### AVAILABLE RECORDS
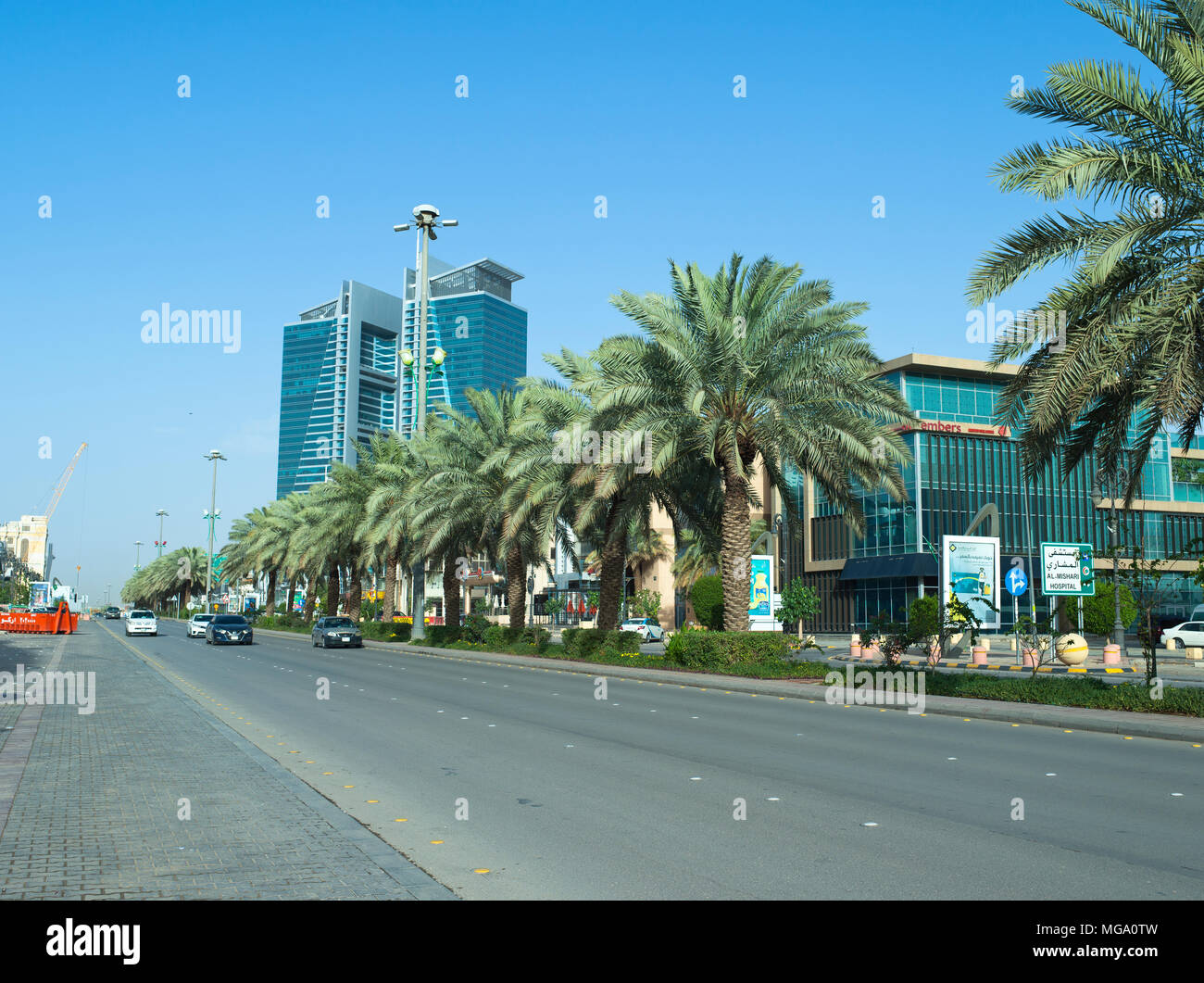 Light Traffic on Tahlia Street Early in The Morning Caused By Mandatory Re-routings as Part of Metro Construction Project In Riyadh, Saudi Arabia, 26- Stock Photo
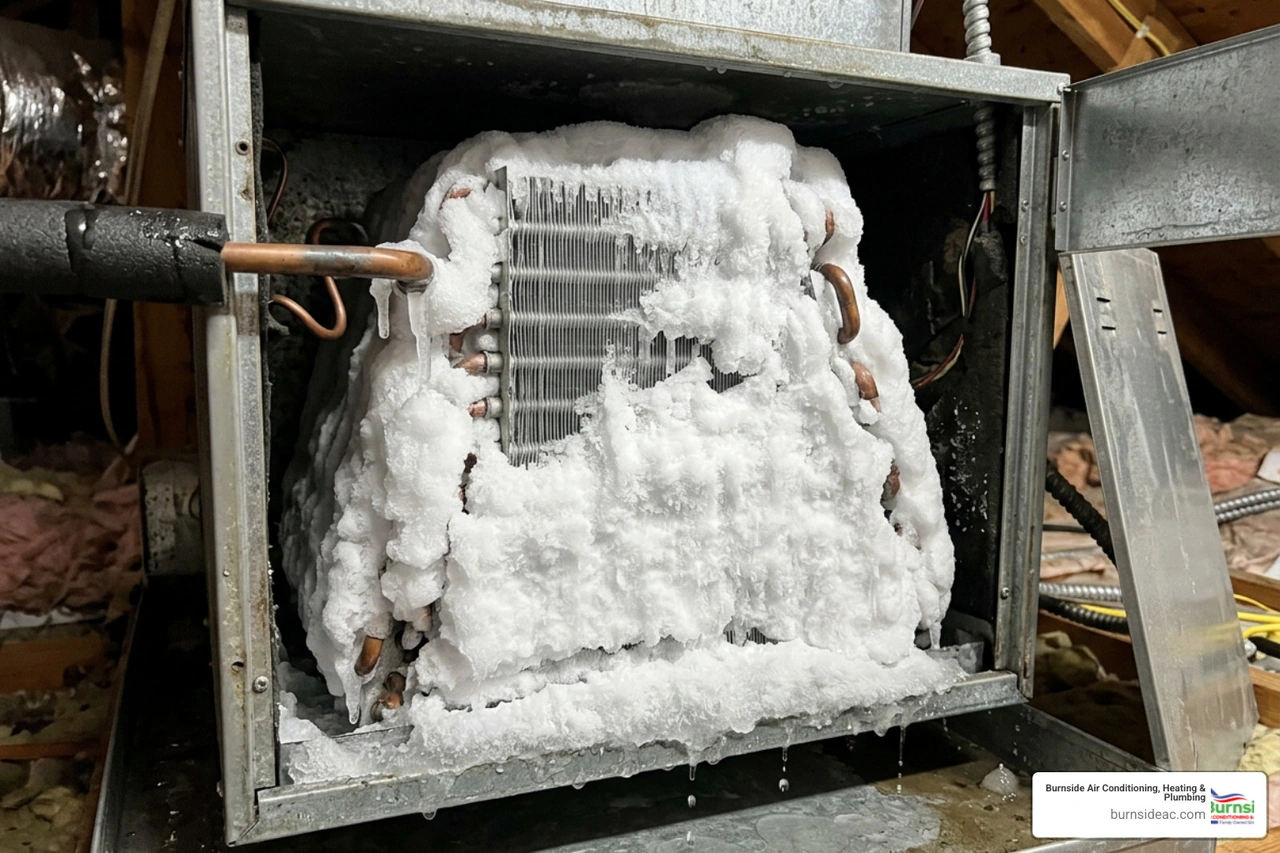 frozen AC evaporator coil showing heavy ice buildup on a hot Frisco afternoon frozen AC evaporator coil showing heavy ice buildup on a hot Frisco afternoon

--

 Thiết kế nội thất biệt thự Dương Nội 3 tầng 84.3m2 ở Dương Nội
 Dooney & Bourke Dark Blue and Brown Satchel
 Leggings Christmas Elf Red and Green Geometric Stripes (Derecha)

### EXERCISE DETAILS
All that is wanted is an exact copy of the lines above from the one with "Thiết kế nội" through the one with "Leggings Christmas Elf", with both ends included.

### OUTPUT OF THE TASK
 Thiết kế nội thất biệt thự Dương Nội 3 tầng 84.3m2 ở Dương Nội
 Dooney & Bourke Dark Blue and Brown Satchel
 Leggings Christmas Elf Red and Green Geometric Stripes (Derecha)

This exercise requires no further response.